Methodological Strengths
- Randomized controlled design with clearly defined primary endpoint within 120 hours.
- Balanced groups with standardized neonatal outcomes reported.
Limitations
- Open-label design may introduce performance bias.
- Single-center setting and modest sample size limit generalizability and non-inferiority precision.
Future Directions: Conduct multicenter, blinded (where feasible) non-inferiority trials with cost-effectiveness and long-term neurodevelopmental outcomes.
BACKGROUND: There has been major shift in choice of respiratory support in preterm babies from invasive to non-invasive. There are various modes of non-invasive respiratory support. The comparative efficacy of one mode over another is an important research area. OBJECTIVE: To evaluate effectiveness of Nasal duo positive airway pressure (NDUOPAP) vs nasal continuous positive airway pressure (NCPAP) in reducing need of mechanical ventilation in preterms ≤35 weeks of gestation with respiratory distress syndrome.
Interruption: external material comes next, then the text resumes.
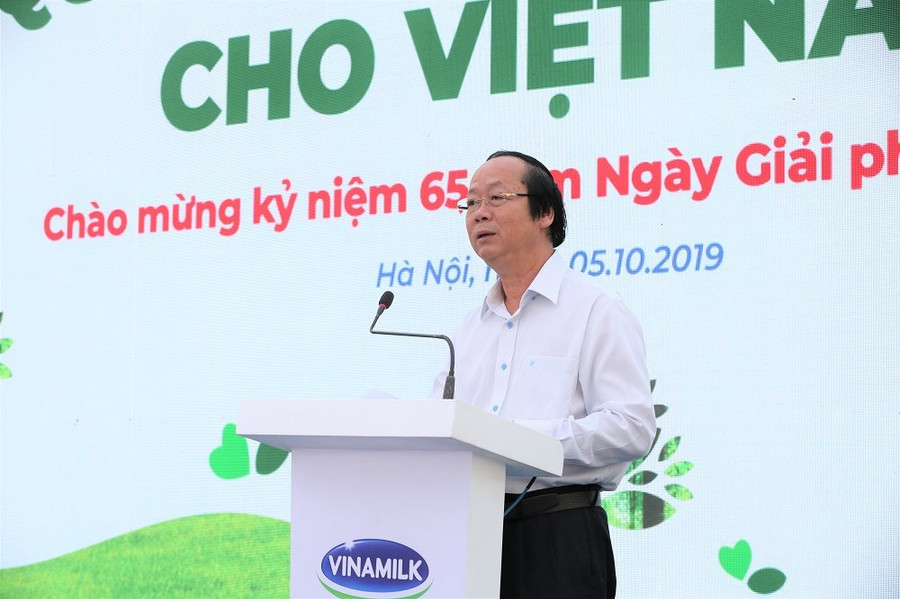 Ông Võ Tuấn Nhân – Thứ trưởng Bộ Tài nguyên và Môi trường chia sẻ hành trình 8 năm đồng hành cùng Vinamilk thực hiện chương trình Quỹ 1 triệu cây xanh cho Việt Nam Ông Võ Tuấn Nhân – Thứ trưởng Bộ Tài nguyên và Môi trường chia sẻ hành trình 8 năm đồng hành cùng Vinamilk thực hiện chương trình Quỹ 1 triệu cây xanh cho Việt Nam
DESIGN: Open label, non-inferiority Randomized controlled trial. SUBJECTS: 122 Neonates with GA ≤ 35 weeks (61 in NDUOPAP and 61 in NCPAP) with RDS & Silverman Andersen score ≥ 4, admitted to NICU. PRIMARY OUTCOME: Failure of allocated modes within first 120 h after birth. RESULTS: There was no significant difference between NDUOPAP: 11(18 %) and NCPAP:12(19.7 %) in treatment failure at the first 120 h of birth (p = 0.817). The morbidities including Patent Ductus Arteriosus, Pneumothorax, Intraventricular Hemorrhage, Sepsis, Necrotizing Enterocoilitis, Apnea of prematurity, Bronchopulmonary Dysplasia, Retinopathy of prematurity & mortality were similar between the two groups. The duration of non-invasive respiratory support, mechanical ventilation, oxygen therapy were also not significantly different. However the need for surfactant was lower in the NDUOPAP group when compared to NCPAP (p = 0.018). CONCLUSIONS: NDUOPAP compared to NCPAP did not reduce the need for mechanical ventilation during the first 120 h of birth in preterms with RDS.